We were at our house in the Hill Country, but the internet wasn't working. So we mowed -- an action only resembling mowing your lawn in the sense that a blade was used to cut the grass.
Two weeks of no mowing up there means you just about need a hay baler to cut through the tall coastal Bermuda grass and weeds. I keep saying we should get a couple of goats to do the mowing for us, but without humans around to guard the goats, the coyotes would be enjoying them for dinner.
So gripe #1. I pay through the nose for Internet service, but this year, it's been spotty up here. After calling (name withheld currently until I know whether I'm entitled to bitch), I received a voice mail from them saying we were too far away for the high-speed service so they reduced our service to half the speed it was. Huh?
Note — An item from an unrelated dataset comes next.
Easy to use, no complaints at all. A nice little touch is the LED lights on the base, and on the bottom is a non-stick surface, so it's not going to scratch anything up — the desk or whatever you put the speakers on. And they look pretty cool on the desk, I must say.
WTF! (That's frack if anyone is checking) Not only do we get erratic internet connectivity, but we get a "repair" that makes no sense considering we've had the same internet for about 4 years and it's worked fine up until 6 months ago.
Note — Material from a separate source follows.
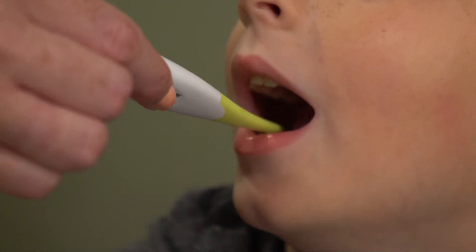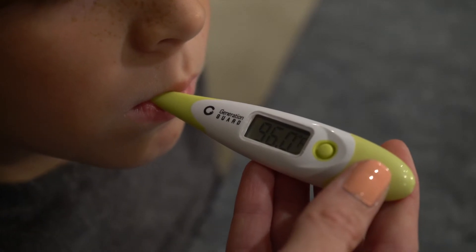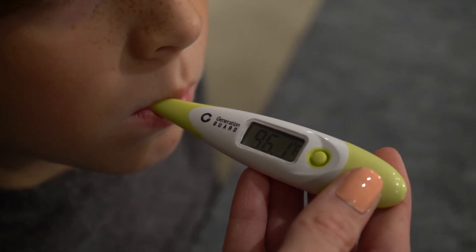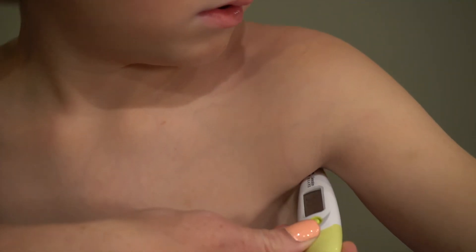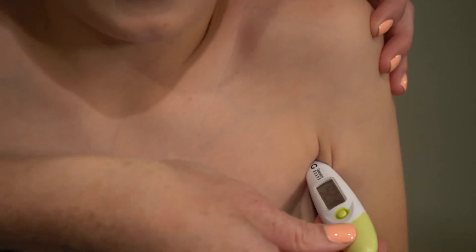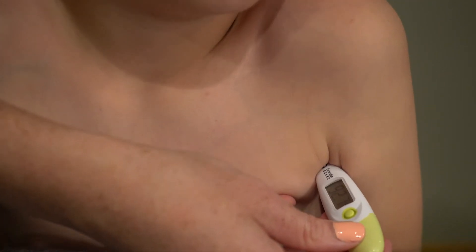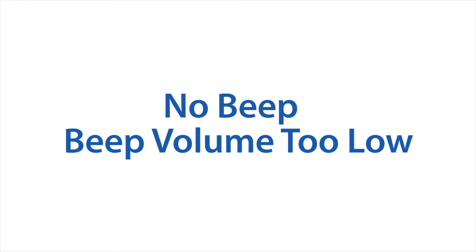The MT-4320 thermometer reads most rapidly and effectively when used orally. Place it deep under your tongue towards the back and center, and close your lips. The reading usually takes 10 to 15 seconds. For infants and small children, an armpit reading is more comfortable, however it will register a lower and less accurate reading than when done orally. A rectal reading will be most accurate.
Gripe #2. I received a jury summons AGAIN for a place where I no longer live. I served jury duty there last year before I moved. Then received a notice for jury duty this past December. I called, told them I didn't live there any longer. They tersely said to fill out the form and send it in. I did. Didn't get a response. Now I get another notice, sent to my old address and forwarded.
Gripe #3. Dishwasher here went out in January. Yeah, that long ago. Try getting a repairman to come out to the country.
Gripe #4. I broke a tooth, rather a tooth root on one of my crowns, broke. Met with oral surgeon. Oh, joy. I'm having oral surgery next month for a dental implant. Goodbye 5 grand.
Gripe #5. Oh, heck. That's enough. who wants to hear all my gripes when you've all got problems of your own. How about a mild annoyance to shut this bad news fest down?
Twitter Verifications. Don't follow me if I have to jump through hoops to reciprocate. That's just annoying.
Okay. I'm going to have a nice large glass of Red Road Signature Red and listen to Joe Walsh or Texas Blues or something foot stompin' and thigh slappin'. Wish you could join me outside on the bench under the big oak tree.